- TASK DIRECTIONS
Type out the data exactly as given. Skip any image.

GIVEN DATA section start

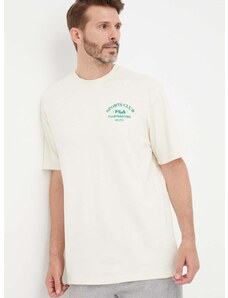 Bavlněné tričko Fila béžová barva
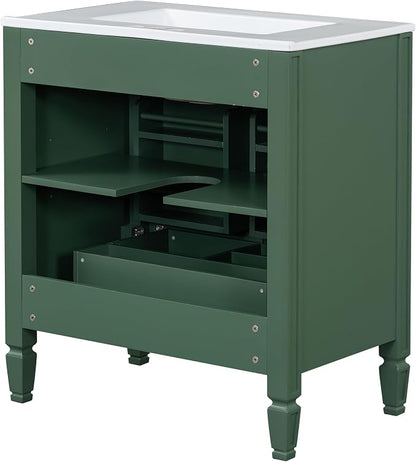 Christopher Knight Home Benton 30" Bathroom Vanity with Ceramic Sink, Wood Frame, Adjustable Shelves, Soft Close Door Hinges, Storage Cabinet with 2-Tier Door Organizer, 1 Drawer, Green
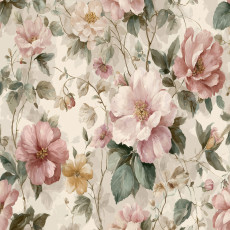 Papier peint photo fleurs feuilles vintage chambre salon papier peint intissé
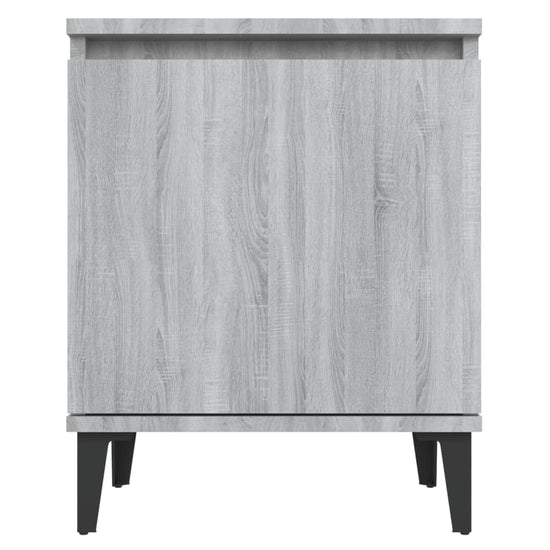 Nachtkastjes 2 st met metalen poten 40x30x50 cm grijs sonoma MeubelReus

GIVEN DATA section end

- SOLUTION TO THIS PROBLEM
 Bavlněné tričko Fila béžová barva
 Christopher Knight Home Benton 30" Bathroom Vanity with Ceramic Sink, Wood Frame, Adjustable Shelves, Soft Close Door Hinges, Storage Cabinet with 2-Tier Door Organizer, 1 Drawer, Green
 Papier peint photo fleurs feuilles vintage chambre salon papier peint intissé
 Nachtkastjes 2 st met metalen poten 40x30x50 cm grijs sonoma MeubelReus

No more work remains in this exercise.